Dix à chaque centième.
Mille à chaque seconde.
Vingt-neuf mille disputes annulées.

Et parmi ces vingt-neuf mille, la probabilité est que un pour cent ait été cruciale.
C'est à dire deux cent quatre-vingt-dix disputes qui auraient mal tourné.
Donc deux cent quatre-vingt-dix drames évités.
Donc deux cent quatre-vingt-dix familles toujours ensemble. Réunies.

Si nous rapportons alors cela à notre France.

Notre planète compte sept milliards de personnes.
Notre France compte soixante millions de personnes.
Pour deux cent quatre-vingt-dix drames évités dans le monde.
Donc deux virgule cinq familles françaises concernées.
Donc deux familles normales.
Et puis une monoparentale.

Chef de projet « Statistiques et prises de tête » :
- C'est bon Maxime, ton calcul tient la route pour l'instant.

Merci.
Et sans doute, que vous, moi, via les racines de nos réseaux étendus, connaissons-nous au moins une de ces familles?
Regardez:
Puisque nous nous « connaissons » tous via les réseaux sociaux tentaculaires du type Facebook.
Et puisque l'adage est « l'ami de mon ami est mon ami » ou plutôt, aurait tendance aujourd'hui à être « je cherche à ce que l'amiE de mon ami devienne mon amiE ».

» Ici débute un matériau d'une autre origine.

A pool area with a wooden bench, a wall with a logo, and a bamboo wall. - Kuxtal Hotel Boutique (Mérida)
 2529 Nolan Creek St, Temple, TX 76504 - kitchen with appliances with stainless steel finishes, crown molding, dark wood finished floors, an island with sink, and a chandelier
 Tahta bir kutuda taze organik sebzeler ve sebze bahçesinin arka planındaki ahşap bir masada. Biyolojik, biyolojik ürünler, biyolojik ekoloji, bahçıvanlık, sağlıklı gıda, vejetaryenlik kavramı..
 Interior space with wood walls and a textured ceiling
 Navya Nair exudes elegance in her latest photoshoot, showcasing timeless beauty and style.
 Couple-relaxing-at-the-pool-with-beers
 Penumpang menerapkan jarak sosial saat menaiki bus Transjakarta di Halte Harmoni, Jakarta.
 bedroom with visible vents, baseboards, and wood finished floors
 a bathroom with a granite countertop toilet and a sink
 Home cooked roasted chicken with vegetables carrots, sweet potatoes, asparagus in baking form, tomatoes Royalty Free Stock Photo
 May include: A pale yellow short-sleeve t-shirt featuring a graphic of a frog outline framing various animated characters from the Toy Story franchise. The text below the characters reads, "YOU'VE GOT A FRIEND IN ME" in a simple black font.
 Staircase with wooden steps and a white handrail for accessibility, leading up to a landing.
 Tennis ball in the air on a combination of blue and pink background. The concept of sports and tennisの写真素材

Chef de projet « Je nique poke via Facebook »:
- Ah ah, plutôt perspicace le Maxime!

Donc, nul doute que l'un d'entre nous ait connaissance d'une de ces familles.
Alors toi.
Ou vous.
Si je te vouvoie.
Vous, qui connaissez une de ces familles, tu es chargé d'une mission auprès d'elle.
Oui.
Tu vas dire à cette famille de retrouver la chilienne et notre ami brésilien.
Et vite.
Avant que notre chilienne ne se fasse emmerder par le chef de projet « Ecoute je me plais ici, va falloir décider, et puis j'ai changé » et que tout ça soit effacé, n’ait pas lieu.
Oui, il est encore temps.

Alors vous faites ce que tu veux :
Tu prends.
Un papier et un stylo.
Un clavier et un écran.
Un billet et un avion.
Et vous contactez notre chilienne pour éviter qu'elle ne fasse une bêtise.

Chef de projet « Causes perdues »:
- Héhé... Oui oui, c’est ça...


Ah mais !
Chef de projet « Causes perdues », tu as déjà assez affaire avec Mélanie.
Alors laisse-nous deux minutes, tu seras mignon.